Previous studies have consistently identified maternal obesity and gestational weight gain (GWG) as risk factors for macrosomia, but little is known about the effects of central adiposity and body fat distribution. Using self-reported data from the Black Women's Health Study (BWHS), a large follow-up study of US black women, we examined the risk of macrosomia in relation to prepregnancy waist circumference, prepregnancy waist-to-hip ratio (WHR), prepregnancy BMI, and GWG.
Design and Methods:
During 1995–2003, BWHS participants ages 21–44 years delivered 6,687 full-term singleton births (gestational age >37 weeks). We compared mothers of 691 infants weighing ≥4,000 g with mothers of 5,996 infants weighing <4,000 g. Generalized estimating equation models (GEE) that accounted for more than one birth per mother were used to estimate multivariable odds ratios (OR) and 95% confidence intervals (CI).

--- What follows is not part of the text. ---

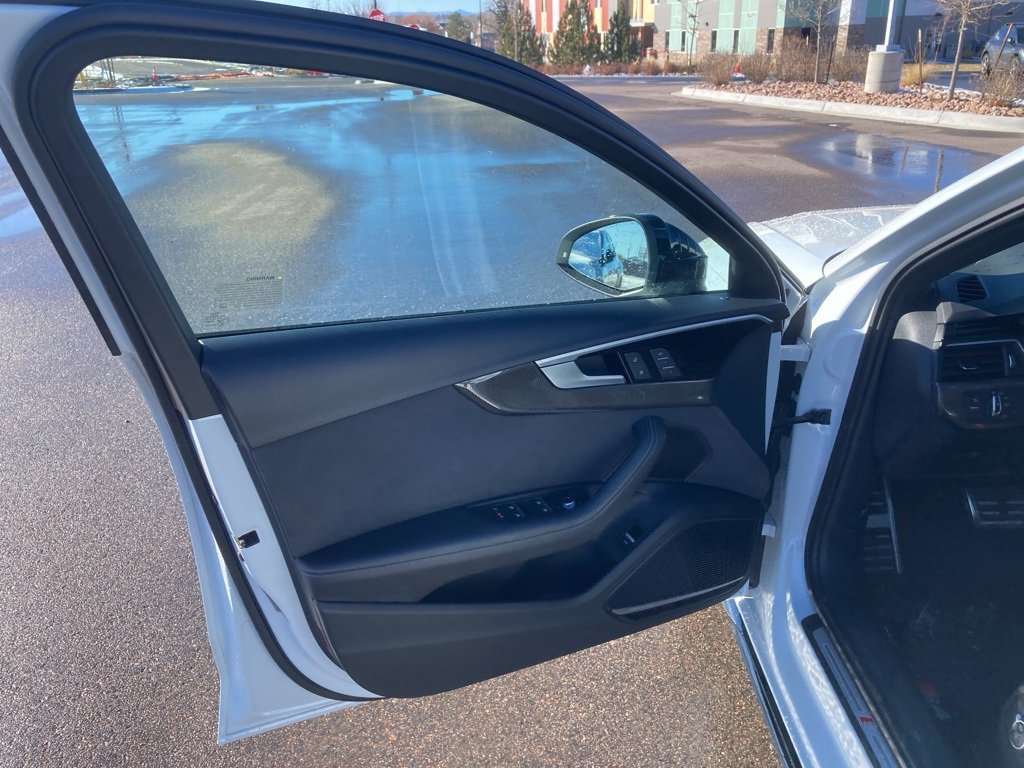 Used 2023 Audi S4 Premium Plus w/ Premium Plus Package image 11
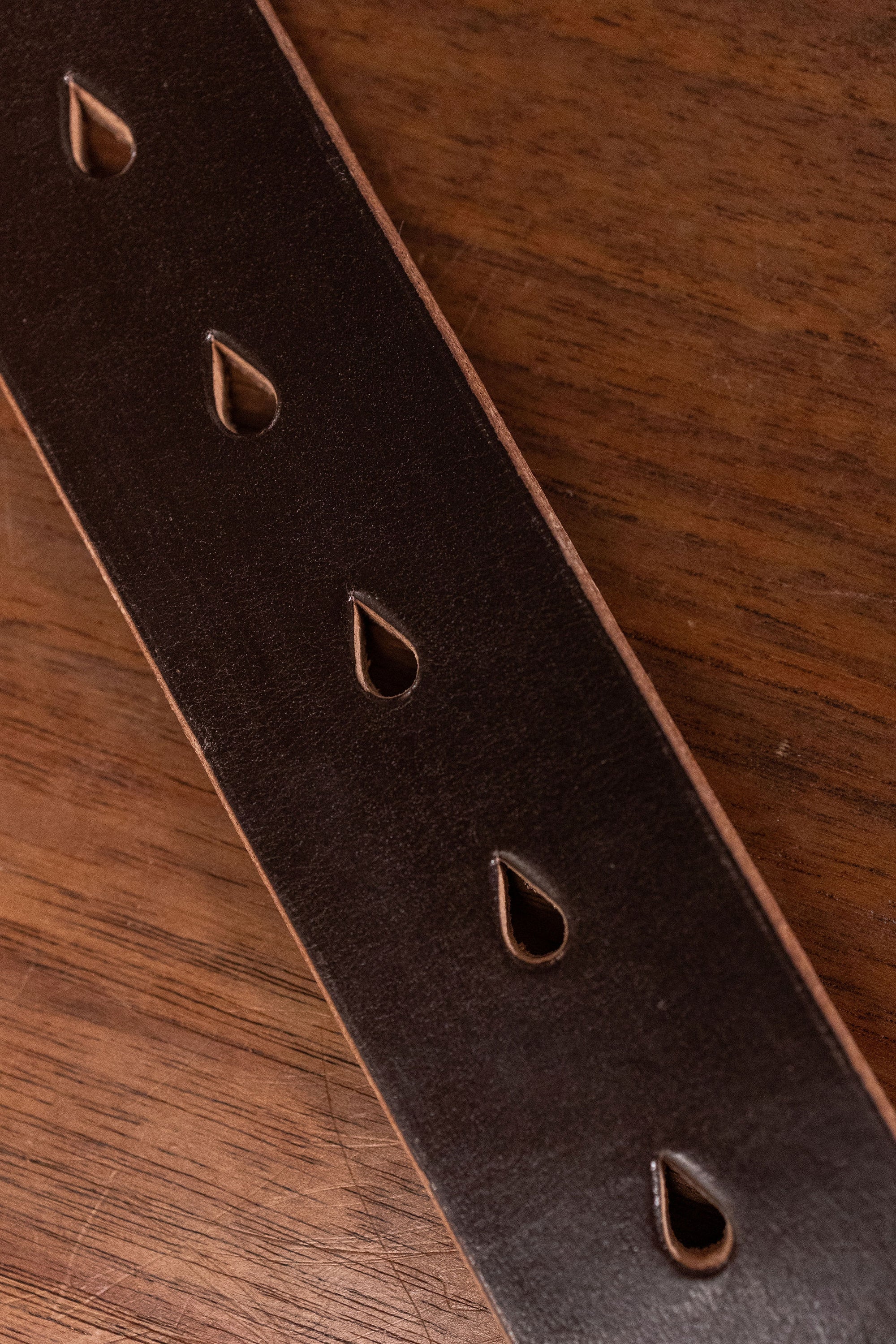Hollows Leather Trail Belt - Dark Brown English Bridle Brass Buckle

Independent of prepregnancy BMI, prepregnancy waist circumference was positively associated with risk of macrosomia (OR = 1.58, 95% CI: 1.07–2.32, for ≥35.0 vs. <27.0 inches (≥88.9 vs. <68.6 cm); P trend = 0.04). As expected, prepregnancy BMI was also positively associated with macrosomia (OR = 1.74, 95% CI: 1.25–2.41 for BMI ≥35.0 vs. 18.5–24.9 kg m−2). GWG above the amount recommended by the 2009 Institute of Medicine report was associated with an increased risk of macrosomia and the association was present in each category of prepregnancy BMI (18.5–24.9, 25.0–29.9, and ≥30.0 kg m−2; P trend <0.001).
Our data suggest that overall obesity, high GWG, and high waist circumference are independent risk factors for macrosomia among US black women.